Foi com o ótimo Medos Privados em Lugares Públicos (2006) que o falecido Alain Resnais elaborou uma verdadeira colcha de retalhos em que a hipocrisia da sociedade era evidenciada a partir da história de seis pessoas - três homens e três mulheres - que tinham suas vidas cruzadas. Na narrativa - meio fria, eventualmente insólita, quase como uma fábula existencialista -, temas como solidão, efemeridade das relações e a instabilidade do amor, eram apresentados de forma primorosa, enquanto a neve que persistia em cair, se apresentava como a metáfora estética perfeita que servia como alicerce para a ideia geral do filme. De alguma forma, é possível afirmar que Nunca Mais Nevará (Sniegu Juz Nigdy Nie Bedzie) - o enviado da Polônia para a mais recente edição do Oscar e que finalmente está chegando aos cinemas - repete esse expediente. Ainda que de uma forma invariavelmente mais hermética.

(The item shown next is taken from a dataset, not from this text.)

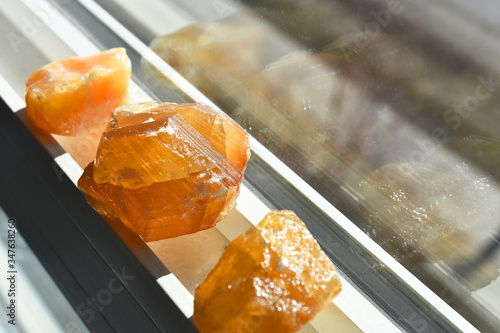 Canvastavla An image of three honey calcite crystals recharging on a sunny window ledge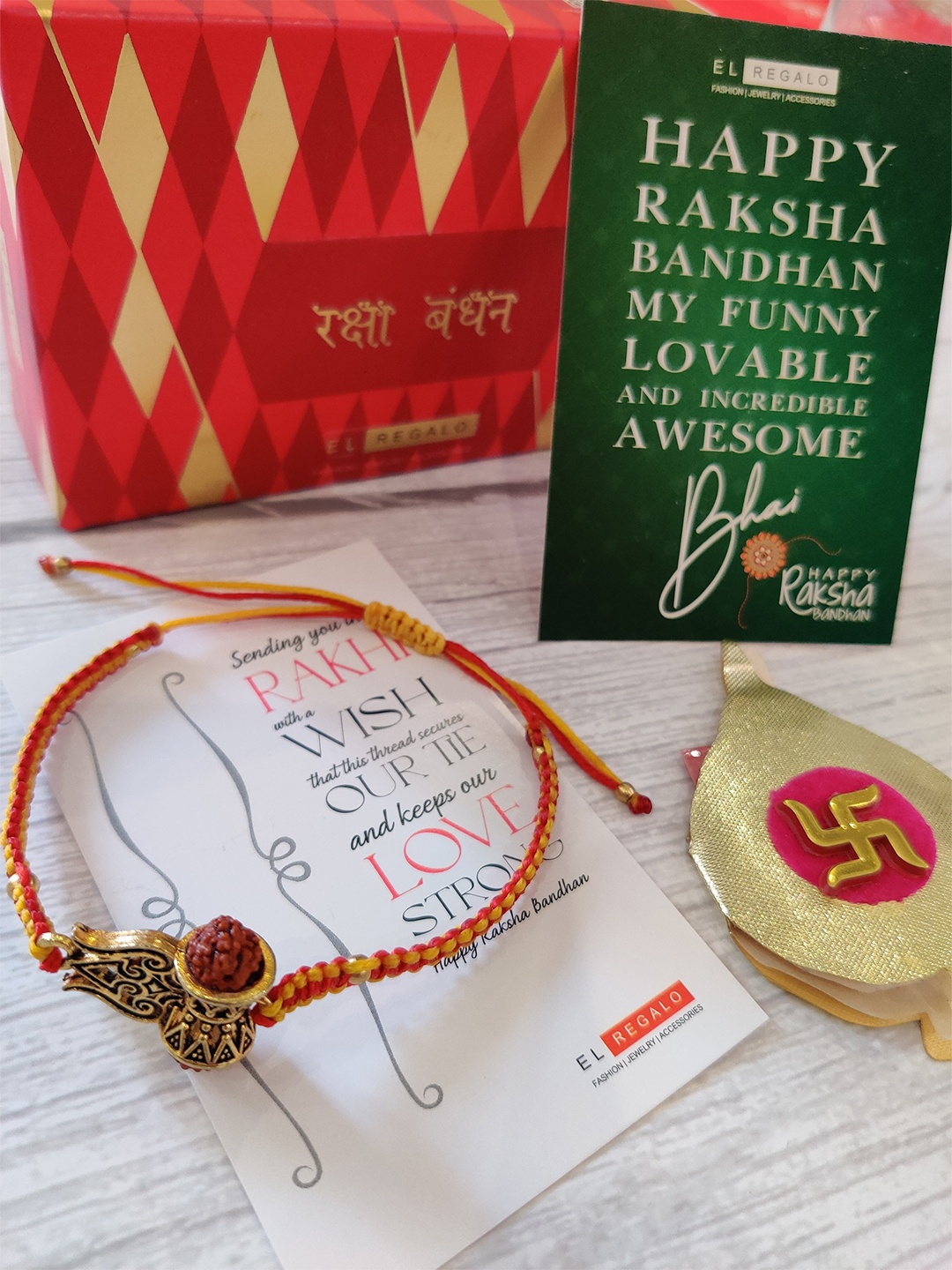 

EL REGALO Damru-Shaped Rakhi with Greeting Card, Roli Chawal, Gold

Trata-se ao cabo de um filme curiosamente agradável de se assistir, ainda que reserve uma boa dose de complexidade para as suas camadas mais interiores. A trama nas aparências é muito simples: nela acompanhamos um imigrante ucraniano de nome Zhenia (Alec Utgoff), que atua como massoterapeuta em um condomínio fechado na Polônia. Indo de casa em casa, sempre com a sua maca portátil a tiracolo, o protagonista tem contato com as mais variadas figuras que habitam esse universo particular - da dona de casa mãe de dois filhos que parece estar insatisfeita com o casamento, passando pelo idoso de comportamento reacionário até chegar a mulher solitária que se ocupa de cuidar de seus cachorros. Em meio a porteiros e vigilantes, a existência pacata do local parece estar sempre no limite do "acontecimento". Por baixo do véu de tranquilidade, um sem fim de angústias que sempre parecem prontas à vir a tona, seja em forma de discussões acaloradas, seja por meio de pulsões sexuais reprimidas.
Bonito e habilidoso no seu ofício, Zhenia vai aos poucos ganhando a confiança de cada uma daquelas pessoas - sejam homens ou mulheres. O que torna a sua presença um veículo para tensões latentes, que são complementadas por gestos econômicos, olhares de satisfação e a busca hedonista por algum prazer que a existência vazia já não parece mais capaz de satisfazer. Aqui e ali em cada diálogo, temas como xenofobia, opressão às minorias e a futilidade dos extratos mais abastados da população, surgem em pequenas pílulas, que nunca soam excessivamente invasivas. O mesmo vale para a curiosa análise da neve como fenômeno natural que está em "extinção" - e que aqui estabelece um diálogo sofisticado com a obra de Resnais. Diante de tudo o que (não) acontece, não demora para que Zhenia se transforme em uma espécie de guru daqueles que atende: condição que é reforçada pelo exercício de habilidades que vão para além da mera massagem.
Em linhas gerais, é um filme que possibilita uma série de interpretações - e que certamente fará sucesso naquele clube de cinema alternativo da faculdade de humanas. Nada é óbvio, por mais que o fio narrativo dificilmente se desvie do prumo. Tecnicamente bem executada, a obra recorre ainda a flashbacks para esclarecer que Zhenia também possui os seus próprios traumas - e a cada ida para esse "canto" do seu inconsciente nos desperta mais curiosidade sobre o que teria ocorrido, no passado, com sua família. Pra quem gosta do estranhamento gerado pelo trabalho da diretora Malgorzata Szumowska - aliás, tem resenha do excelente Body (2015) aqui no Picanha -, encontrará em Nunca Mais Nevará um prato cheio. Místico, soturno, emocionalmente curioso, é aquele filme que não entrega uma solução fácil. Mas que nos tira da zona de conforto. Eu, particularmente, adoro isso.